Torne-se perito

Nós na voz delas

a Há algum tempo que não ouvíamos falar delas, mas eis que regressam e logo em disco duplo. Será dado a conhecer hoje, pela primeira vez, no mesmo espaço onde foi gravado em Janeiro, Março e Junho de 2007, o Lagar de Azeite de Oeiras (Rua do Aqueduto, às 19h00). O disco chama-se, adequadamente, Vozes de Nós, com o duplo sentido de nos trazer de volta as vozes delas, as cerca de 20 mulheres que compõem o grupo Cramol, mas ao mesmo tempo as de um Portugal que, mais do que apenas memória, é herança viva de ritos que tais vozes preservam com eficácia dificilmente atribuível a qualquer formol. Criado em 1979, no espaço da Biblioteca Operária Oeirense, o grupo diz ter-se empenhado na "busca permanente de sons ancestrais e das suas sonoridades atávicas" e tornou-se presença obrigatória, não apenas em muitos discos alheios (o seu primeiro, e até ontem único, data de 1996) como em vários palcos no país e no estrangeiro. Sem outro som que não o das próprias vozes ou raramente adufes, no reportório do Cramol juntam-se polifonias de vários cancioneiros nacionais, provindas das cuidadas recolhas de Giacometti/Lopes-Graça ou de José Alberto Sardinha, mas também de outras fontes devidamente identificadas. São canções de trabalho, de embalo, de reza, de festa, ecos de um mundo essencialmente rural onde o sagrado e o profano se unem no ciclo único da natureza.O nome do grupo também nasceu assim. O distinto Dicionário de Música de Tomás Borba e Fernando Lopes-Graça (Figueirinhas, 3.ª edição em 1996, fac-similada da 1.ª, de 1956) diz que por "cramois (e também por clamores e cramores) designam, desde tempos primitivos, os povos da Serra da Gralheira, que fica entre o Douro e o Paiva, ao norte de S. Pedro do Sul, os seus cantos a quatro vozes que entoavam nas procissões de penitência e cuja letra talvez houvesse sido em latim." E diz também que "o erudito Rebelo Gonçalves consigna algures o singular cramol". Pois foi a esse singular que este coro de mulheres foi buscar a sua admirável pluralidade.
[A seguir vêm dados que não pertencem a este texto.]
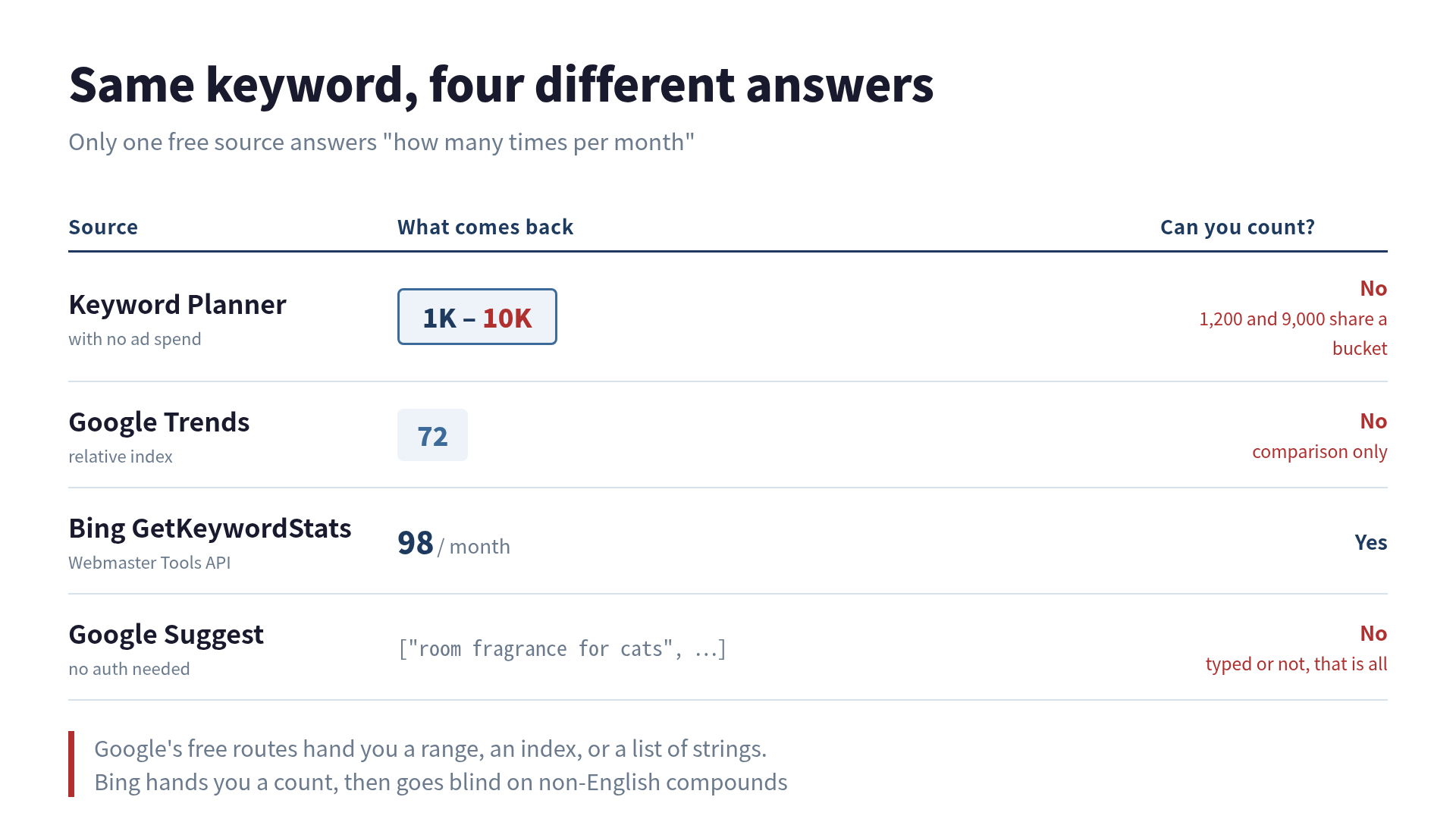 Four sources compared side by side. Keyword Planner returns a 1K to 10K bucket, Google Trends returns a relative index of 72, Bing GetKeywordStats returns 98 per month as an integer, and Google Suggest returns a list of candidate strings. Only Bing lets you count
Quem escutar o Cramol e lhe der o devido valor deve procurar ouvir um outro grupo de mulheres que, a sul, dá pelo nome de Moçoilas e também tem dois discos gravados: Já Cá Vai Roubado (2001) e Qu"é que Tens a Ver com Isso? (2006). Assenta o seu trabalho em recolhas ou recriações do cancioneiro algarvio, menos bucólico que picaresco, e tem-no feito não apenas com esmero e arte, mas também com um espírito de assinalável folia. Do seu nome os dicionários pouco nos dizem que não saibamos já, pois moçoila vem de moça, embora "por processo de derivação ainda não esclarecido", como diz o Dicionário Etimológico de José Pedro Machado (Livros Horizonte, reedição de 2003).
Certo é que, no seu Algarve natal, há muitos outros derivados: do diminutivo mó até mocequeno, móce, mochéco, mochico, moçalho ou moçanhada (a recolha é do Dicionário do Falar Algarvio, de Eduardo Brazão Gonçalves, 1996). Pois moçoilas ou "cramolas", aqui são as mulheres que têm voz primeira. E todos ressoamos nela.